On state roads across Utah, Highway Patrol troopers responded to 235 accidents. Including city streets, officials blamed brash drivers and wintry conditions for nearly 550 accidents 70 on Orem and Provo streets and 90 in Weber County. One fatality was reported.
"I think every cop on the Wasatch Front is going nuts," Weber County Sheriff's Capt. Klint Anderson said Wednesday. "People are out here driving like it's June or July."
A heavy snow warning was in effect for most of the day and will continue until 11 a.m. today as a significant cold front completes its venture across the state. The chill could be felt everywhere, said National Weather Service meteorologist Brandon Smith. Even St. George dropped into the 40s.
"It hasn't been all that bad of a winter," he said. "So this sort of thing catches people off guard."
Off guard was the truth, as some commuters spent nearly three hours on the road, surpassing a usual 30-minute drive time. Roads were curdled with accidents, and snow was falling faster than crews could clear it away. The random roadways that got salted still froze and ended up as ice rinks as the day went on.

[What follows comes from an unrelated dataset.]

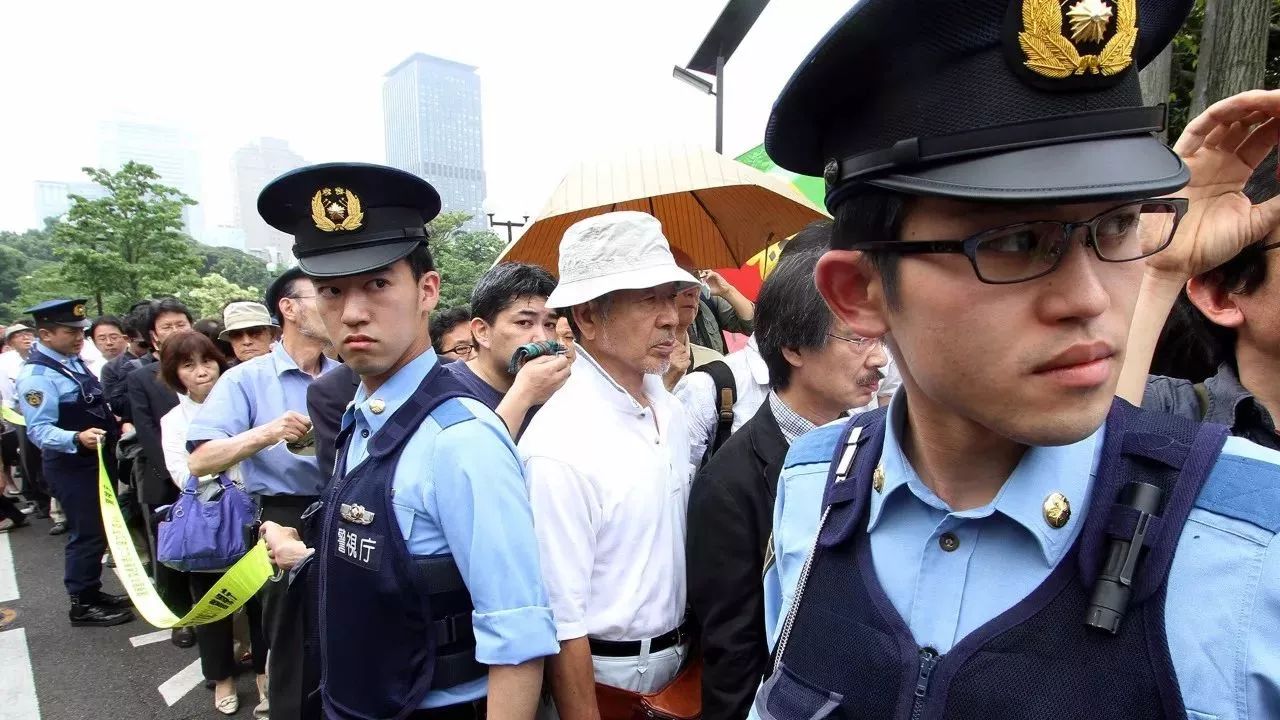 日本警察毫无战斗力?他们平日的工作让人大跌眼镜!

I-80 westbound in Tooele County was closed for two hours Wednesday because of slick road conditions and several crashes. Northbound I-15 from 500 South in Bountiful to Farmington was shut down for about three hours because of a series of crashes involving nearly 45 cars.

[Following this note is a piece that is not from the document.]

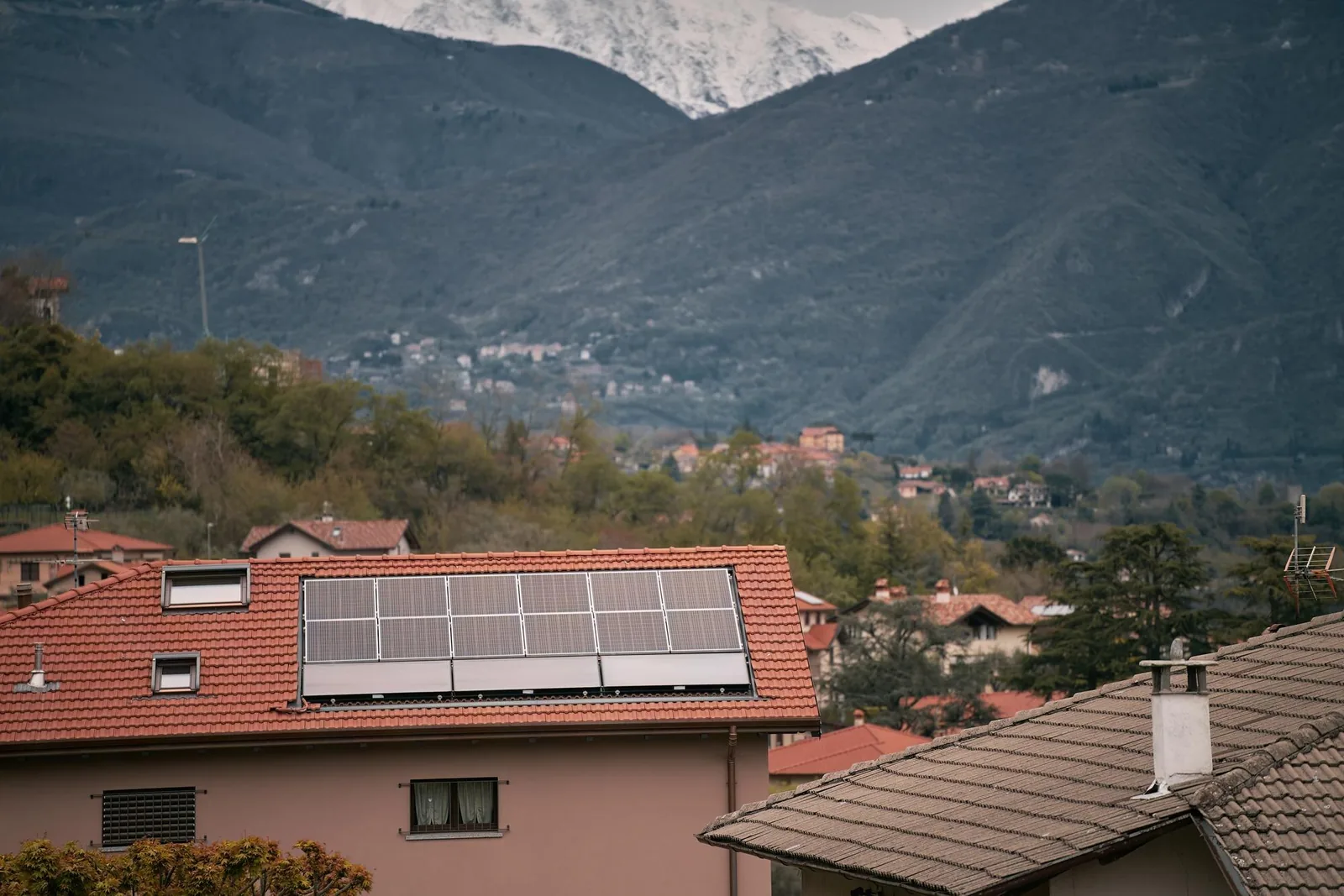 Installation de panneaux solaires sur toiture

"There were about 15 separate crashes up and down there," Utah Highway Patrol trooper Jeff Nigbur said.
Among the numerous accidents Wednesday, 4-year-old Zachary Tippetts was killed on westbound I-80 near Lakepoint when his mother's vehicle lost control, Nigbur said.

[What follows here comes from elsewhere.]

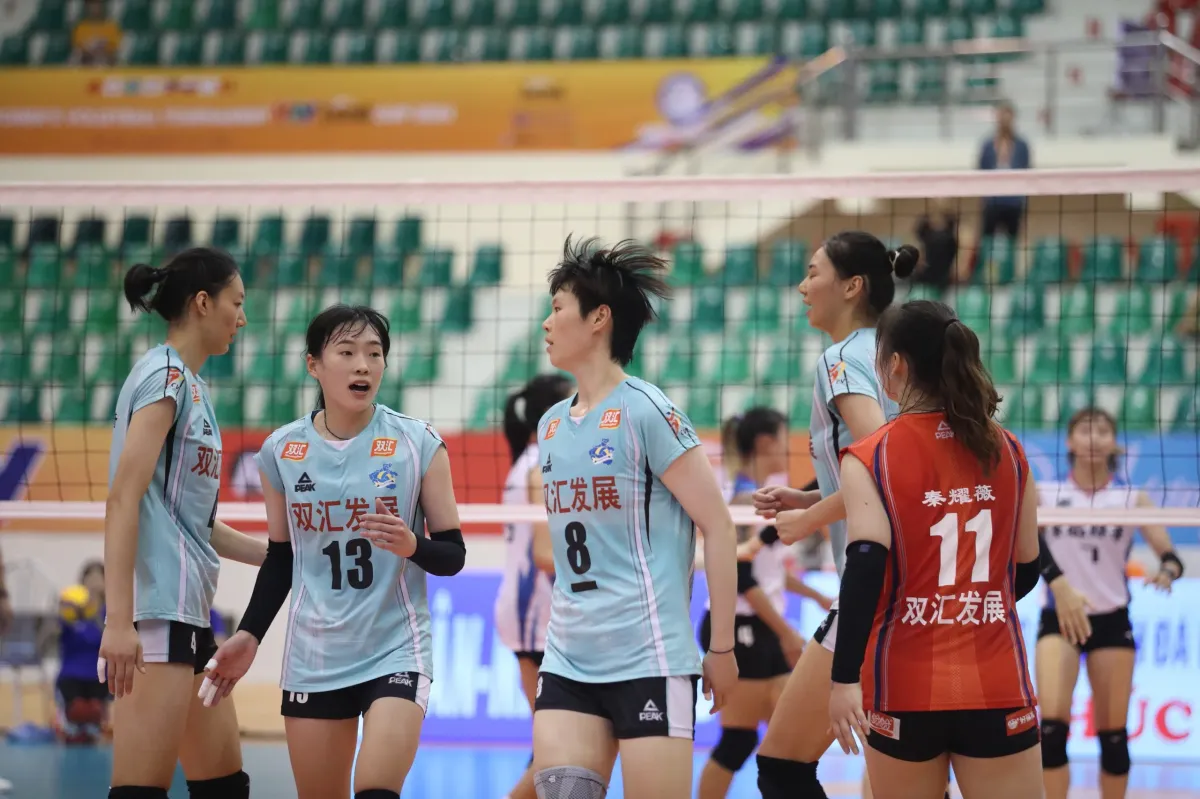 Thắng thuyết phục King Whale Taipei (Đài Bắc Trung Hoa), Hà Nam (Trung Quốc) có chiến thắng đầu tiên tại VTV Ferroli Cup 2024 - Ảnh 9. Thắng thuyết phục King Whale Taipei (Đài Bắc Trung Hoa), Hà Nam (Trung Quốc) có chiến thắng đầu tiên tại VTV Ferroli Cup 2024 - Ảnh 9.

"It rolled off the left side of the road and landed on its top," he said. Snow- and ice-covered roads contributed to the accident. Nigbur said the child, driver and one other passenger were not wearing seat belts.
Near Willard Bay in Box Elder County, I-15 was closed for at least an hour because of the slick road conditions. Traffic in that area was rerouted to U.S. 89, and surface streets throughout northern Utah were forced into overload.
"We had two semis jack-knifed, and they were blocking the freeway," Nigbur said. "We had multiple crashes, so we were trying to get them off the road so the plows could get through."
Near the town of Uintah, a 17-year-old boy was hospitalized when the pickup he was driving collided head-on with a school bus. Weber County sheriff's deputies said the boy was plowing driveways in a pickup equipped with a snow blade.
"As he came around a corner, he swung wide because of the blade and slid into an oncoming school bus," said Weber County Sheriff's Capt. Klint Anderson. "It was a head-on collision, and it pinned the young man, who had to be extricated."
Anderson said 36 students headed to Bonneville High School in Washington Terrace were on board the bus when it crashed. They were not injured, and another bus was sent to pick them up from the accident scene. The 17-year-old driver of the pickup was taken to Ogden Regional Medical Center, where he was treated for a cut on his forehead and a broken wrist.
Smith said Wednesday's weather was as close to normal as one can expect from in the middle of February.
"The cold front moved all the way through the state, so everyone has seen a cool-down," he said. Salt Lake City temperatures were slightly colder than normal with the added wind chill factored in. Not much snow accumulated in the capital city as winds blew it elsewhere, Smith said.